As a mental health professional, you need to understand why a patient or patient's representative has decided to sue you for malpractice, what kinds of transgressions may constitute mental health malpractice, and how to exercise your legal defense options. Start by examining the following four common types of claims.

1. Breach of Trust or Privacy
A breach of professional trust or patient privacy counts as grounds for a mental health malpractice lawsuit. Sexual harassment of a patient would obviously constitute such a professional breach, as would maintaining a close personal relationship with a patient under your care since it represents a conflict of professional interest.

Mental health professionals must adhere to the same standards of medical record privacy as other kinds of doctors. Although patients cannot sue individual doctors who violate the Health Insurance Portability and Accountability Act (HIPAA), they can bring legal action against the offending doctor's workplace.

Patients who feel that a mental health professional has violated their HIPAA rights may file a lawsuit on the grounds that the practitioner violated one or more state laws. For example, a patient may sue a practitioner for breach of personal data, breach of fiduciary duty, breach of contract, or data theft.

2. Patient Suicide or Murder
Mental health practitioners must often treat individuals who display suicidal tendencies, have attempted suicide in the past, or run an elevated risk for suicide. Despite a high standard of professional care, some of these patients may eventually succumb to their suicidal impulses and kill themselves.

In such cases, the patient's surviving loved ones may understandably try to blame the practitioner's treatment methods. They may argue that the practitioner failed to take the suicidal tendencies seriously, take the appropriate notes, assess the patient's everyday environment for risks, or discuss the issue with the patient's loved ones.

On the surface, disclosing a patient's problems with others without that patient's consent might seem like a violation of professional ethics. However, in the world of mental and behavioral health, doctors may choose to discuss specific elements of a case and recommended treatments when it involves possible self-harm.

The same flexibility holds true in cases where mental health patients have expressed the intention or desire to hurt or kill someone else.
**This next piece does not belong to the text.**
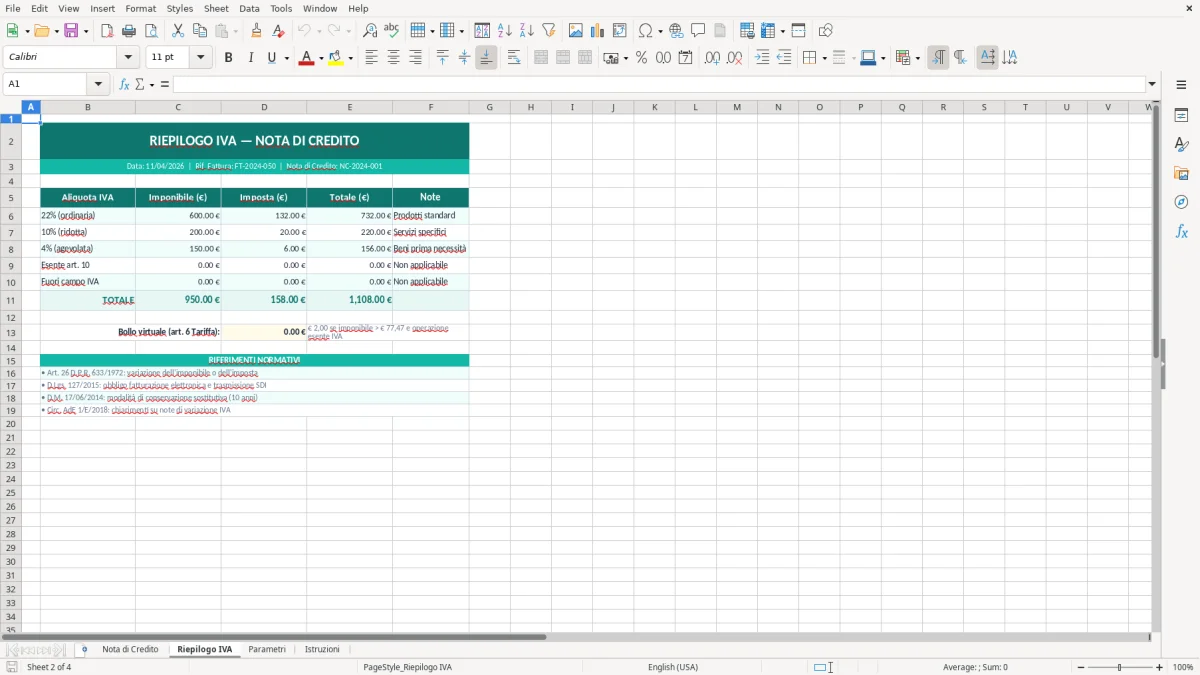 Screenshot 2: Foglio Riepilogo IVA - Modello Excel modello nota di credito excel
If a mental health practitioner knows about this situation and keeps quiet about it, the survivors of a murder victim may then try to sue the practitioner for not warning them or notifying the police.

3. Faulty Documentation
Failure to keep appropriate medical records can make you vulnerable to a mental health malpractice suit. If you have not maintained detailed patient records, you may have little evidence that you can use in your defense. The failure to keep adequate documents represents an ethical violation in itself.

You could also get into trouble for documenting the wrong kinds of data. Acceptable documentation typically includes details about a mental health patient's medical diagnosis, case history, treatment, suicide risk, and informed consent. Unacceptable records include interpersonal conflicts, the names of other individuals, and sexual details.
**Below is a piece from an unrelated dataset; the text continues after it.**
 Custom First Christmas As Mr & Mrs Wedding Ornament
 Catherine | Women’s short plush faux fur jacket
4. Faulty Diagnosis or Prescription
A faulty mental health diagnosis can prove just as disastrous for a patient (and for the doctor accused of making the error) as any other medical misdiagnosis. These mistakes may occur when the practitioner prescribes treatment based mainly on surface symptoms, such as a thyroid imbalance masquerading as depression.

A misdiagnosed condition can cause a patient to receive ineffective care for years. The mental health practitioner may compound the damage done by prescribing medications that could make the patient's mental or physical health even worse than before.

Any of these four infractions can provide plaintiffs with serious ammunition against a mental health professional whose patient suffered losses or even death as a result. If you face such accusations, Spiga & Associates can analyze your case and provide you with skilled legal counsel. Contact our office today.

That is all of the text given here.